= DATA SECTION =
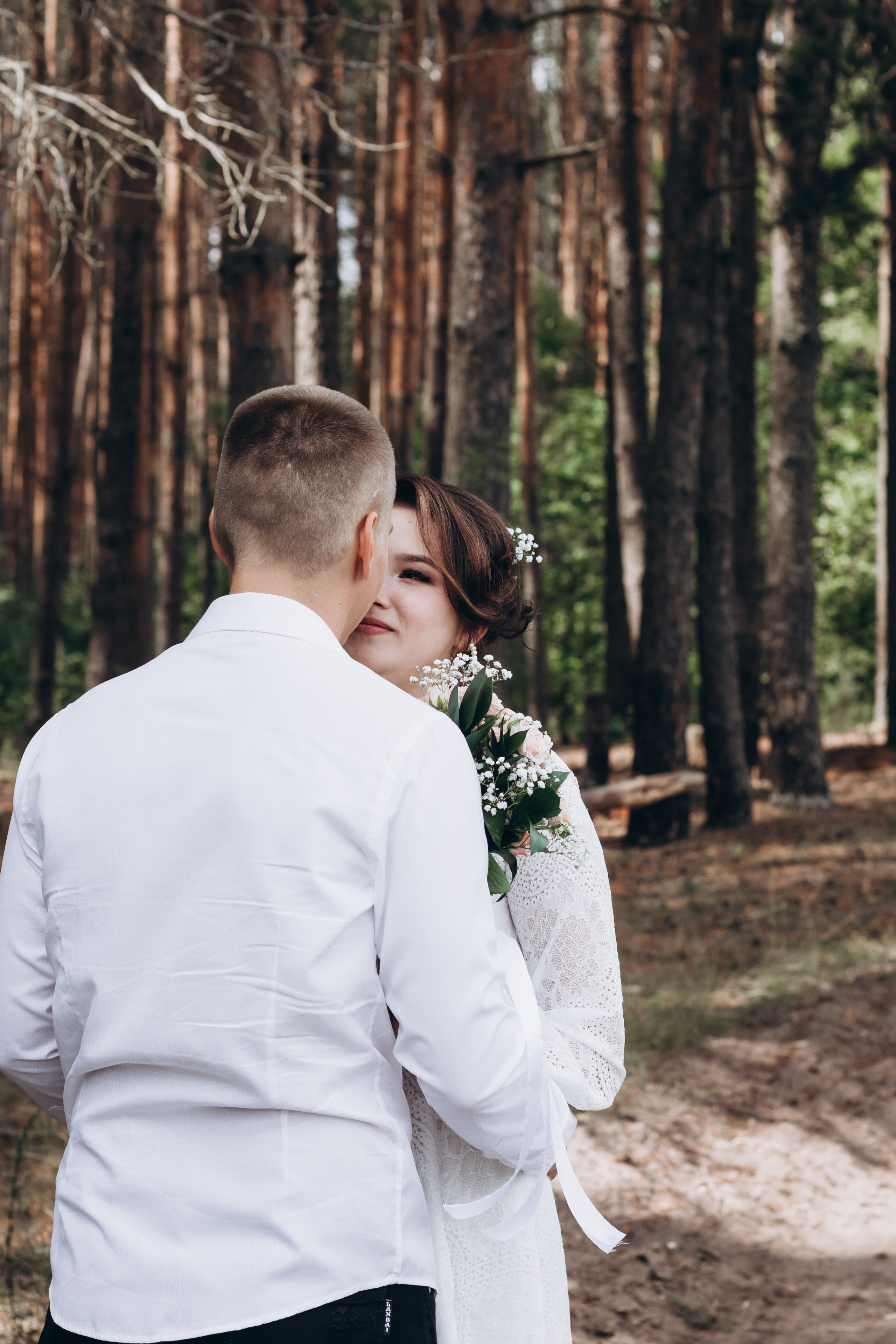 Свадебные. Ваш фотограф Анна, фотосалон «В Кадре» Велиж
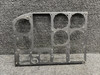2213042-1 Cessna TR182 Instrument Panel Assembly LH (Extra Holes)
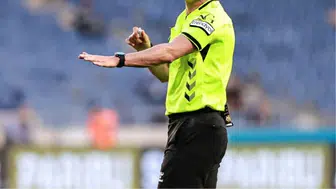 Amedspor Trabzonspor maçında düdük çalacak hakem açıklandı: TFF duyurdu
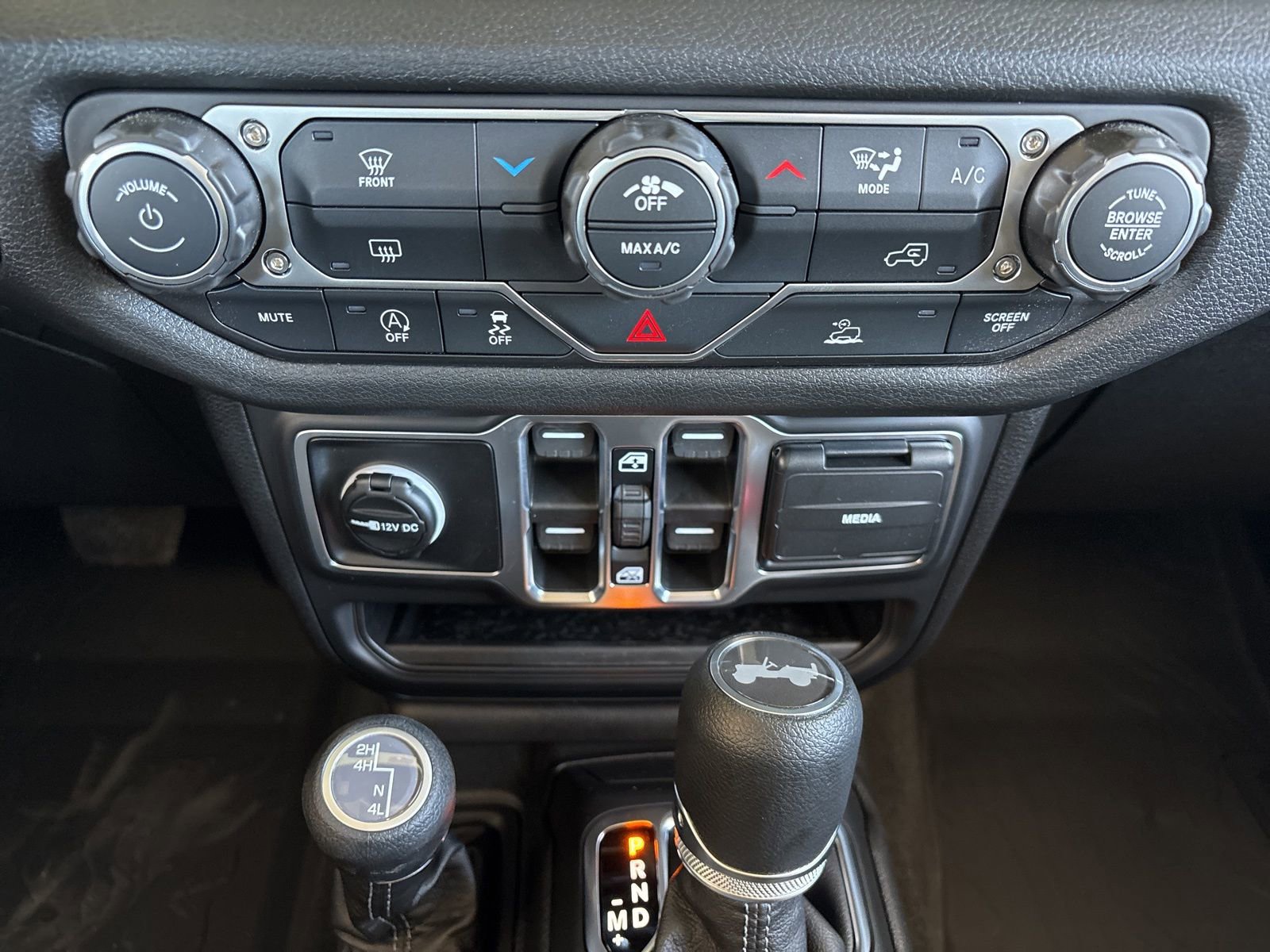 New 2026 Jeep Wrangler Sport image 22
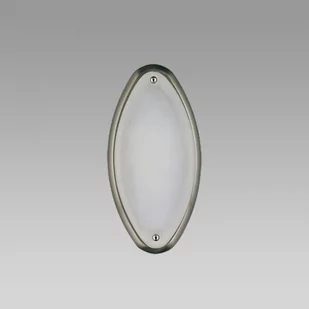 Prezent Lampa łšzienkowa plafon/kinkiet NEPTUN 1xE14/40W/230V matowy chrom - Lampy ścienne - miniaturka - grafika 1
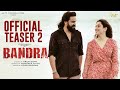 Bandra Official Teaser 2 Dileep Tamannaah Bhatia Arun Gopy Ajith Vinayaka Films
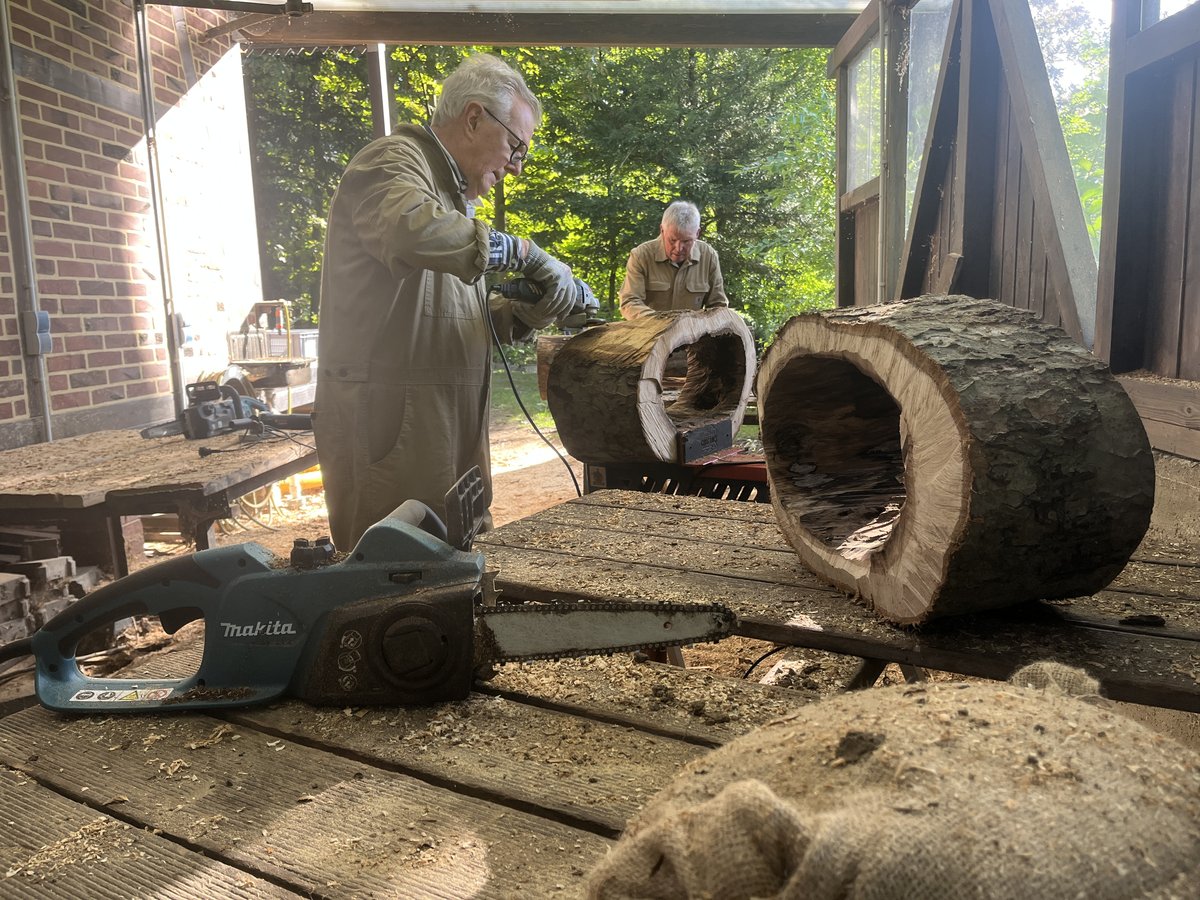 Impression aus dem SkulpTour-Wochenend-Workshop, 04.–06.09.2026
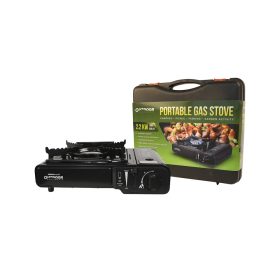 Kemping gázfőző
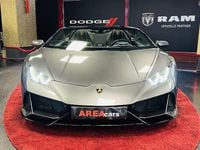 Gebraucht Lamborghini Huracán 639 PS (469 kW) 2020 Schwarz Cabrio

= REQUIRED ACTION =
Print all of the data exactly, and do not carry over any pictures.

= PROBLEM SOLUTION =
 Свадебные. Ваш фотограф Анна, фотосалон «В Кадре» Велиж
2213042-1 Cessna TR182 Instrument Panel Assembly LH (Extra Holes)
 Amedspor Trabzonspor maçında düdük çalacak hakem açıklandı: TFF duyurdu
 New 2026 Jeep Wrangler Sport image 22
 Prezent Lampa łšzienkowa plafon/kinkiet NEPTUN 1xE14/40W/230V matowy chrom - Lampy ścienne - miniaturka - grafika 1
 Bandra Official Teaser 2 Dileep Tamannaah Bhatia Arun Gopy Ajith Vinayaka Films
 Impression aus dem SkulpTour-Wochenend-Workshop, 04.–06.09.2026
 Kemping gázfőző
 Gebraucht Lamborghini Huracán 639 PS (469 kW) 2020 Schwarz Cabrio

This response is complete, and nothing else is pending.